Küresel gücün tahkiminde düşmanca bir tavır; İslâmofobi
Abstract
Osmanlı Devleti’nin tarih sahnesinden çekilmesiyle Dünya siyasetinde Müslümanlar söz hakkını tamamen kaybetmiş oldular. Yeni dönemde hâkimiyet mücadelesi Marksist ve kapitalist ideolojiler arasında yaşanmaya başladı. Bu iki kutuplu dünya rekabetinde İslâm ülkelerinin tüm hammadde kaynakları sessiz sedasız sömürüldü ve sömürünün idamesi için demokratik hareketler engellendi.

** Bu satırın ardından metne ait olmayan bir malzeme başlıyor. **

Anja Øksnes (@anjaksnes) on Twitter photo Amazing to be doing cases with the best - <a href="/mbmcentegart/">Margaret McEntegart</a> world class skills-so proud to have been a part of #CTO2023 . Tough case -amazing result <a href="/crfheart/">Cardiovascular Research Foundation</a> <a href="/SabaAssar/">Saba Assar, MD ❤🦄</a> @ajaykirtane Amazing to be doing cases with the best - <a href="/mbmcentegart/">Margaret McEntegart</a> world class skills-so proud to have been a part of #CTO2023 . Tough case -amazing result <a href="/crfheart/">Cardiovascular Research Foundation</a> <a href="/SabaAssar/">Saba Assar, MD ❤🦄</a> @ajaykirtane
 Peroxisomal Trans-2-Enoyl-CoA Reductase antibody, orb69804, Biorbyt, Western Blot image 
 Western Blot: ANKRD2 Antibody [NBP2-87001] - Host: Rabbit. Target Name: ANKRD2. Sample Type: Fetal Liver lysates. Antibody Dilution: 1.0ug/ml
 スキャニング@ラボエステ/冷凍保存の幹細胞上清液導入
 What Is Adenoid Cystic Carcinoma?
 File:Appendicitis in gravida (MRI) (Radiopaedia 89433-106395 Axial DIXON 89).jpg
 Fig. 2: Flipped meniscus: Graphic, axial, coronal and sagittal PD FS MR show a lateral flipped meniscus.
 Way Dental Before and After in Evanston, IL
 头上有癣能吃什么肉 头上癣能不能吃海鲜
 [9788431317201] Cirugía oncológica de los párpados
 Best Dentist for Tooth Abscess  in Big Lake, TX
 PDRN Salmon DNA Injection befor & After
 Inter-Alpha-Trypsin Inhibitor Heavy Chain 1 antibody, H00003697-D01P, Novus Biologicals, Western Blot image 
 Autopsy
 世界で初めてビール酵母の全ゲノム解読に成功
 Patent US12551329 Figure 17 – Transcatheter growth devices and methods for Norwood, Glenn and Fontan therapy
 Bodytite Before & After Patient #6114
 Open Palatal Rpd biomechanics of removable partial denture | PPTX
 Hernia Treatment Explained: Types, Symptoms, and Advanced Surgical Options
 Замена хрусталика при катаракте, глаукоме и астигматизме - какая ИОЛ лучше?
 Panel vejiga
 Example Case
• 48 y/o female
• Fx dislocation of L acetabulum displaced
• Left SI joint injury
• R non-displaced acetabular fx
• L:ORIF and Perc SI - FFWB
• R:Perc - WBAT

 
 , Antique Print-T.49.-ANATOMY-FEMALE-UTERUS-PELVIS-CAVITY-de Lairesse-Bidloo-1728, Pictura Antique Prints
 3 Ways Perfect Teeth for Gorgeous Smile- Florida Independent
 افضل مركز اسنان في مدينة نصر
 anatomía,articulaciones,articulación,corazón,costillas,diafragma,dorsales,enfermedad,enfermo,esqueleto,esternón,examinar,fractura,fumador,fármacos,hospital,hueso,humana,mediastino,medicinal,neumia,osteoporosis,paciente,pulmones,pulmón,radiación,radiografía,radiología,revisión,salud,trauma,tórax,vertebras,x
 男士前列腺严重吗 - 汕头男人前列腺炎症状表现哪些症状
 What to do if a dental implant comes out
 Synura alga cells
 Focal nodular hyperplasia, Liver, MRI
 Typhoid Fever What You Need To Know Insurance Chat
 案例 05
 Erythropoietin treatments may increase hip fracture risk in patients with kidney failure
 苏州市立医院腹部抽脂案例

Darbelere ve darbecilere yardım edildi veya bilfiil darbeler yaptırıldı. Sovyetler Birliği’nin dağılması ile birlikte rakipsiz kalan ABD ve ABD liderliğindeki Batı’dan temel hak ve hürriyetler ve demokrasi gibi savunduğu değerlere riayet etmesi beklenilmeye başlandı. Bosna Hersek, Çeçenistan, Azerbaycan ve Filistin’de yaşananlar Batı’nın Müslümanlara bakışındaki ikiyüzlülüğü ortaya çıkardı. ABD’nin yenidünya düzeni ve Büyük Ortadoğu Projesi gibi kurgularının altından güvenlik stratejilerinde değişiklik yapıldığı, Sovyet tehdidinin yerine İslâm’ın yeni düşman olarak konulduğu açığa çıkmaya başladı. İslâm gibi kökünde sulh olan bir dini açıkça bir tehdit unsuru olarak ilan etmenin mahzurları dikkate alınarak küresel güçler tarafından kademeli bir plân ortaya konuldu. Buna göre önce dünyanın dört bir tarafında baskılanan ve öldürülen Müslümanlar cihadist ve fundamentalist olarak terör objesi şeklinde takdim edilmeye, daha sonra da “İslâmi terör” kavramı pazarlanmaya başlandı. Hungtington’un “Medeniyetler Çatışması” tezi ve benzeri yayınlarla projenin akademik altyapısı da oluşturulmuş oldu. Küresel güçler ve onun kurumları ve yayın organlarında İslâm’ın terörle birlikte kullanımı sonunda neredeyse İslâm’la terör eş anlamlı ve birbirini çağrıştıran kavramalara dönüştürüldü. Artık küresel hegemonyanın tahkimi için son hamle insanları İslâm’la korkutma safhasıdır. Bu hem Hıristiyan kimliği korumak hem de İslâm’a karşı bir önyargı oluşturarak insanları İslâm’dan tecrit etmek amacıyla yapılmaktadır. Ancak küresel güçlerin bu çabaları beyhudedir. Zira yalanlar uzun ömürlü olmadığı gibi, hakikatlerin de ortaya çıkmak gibi bir huyu vardır.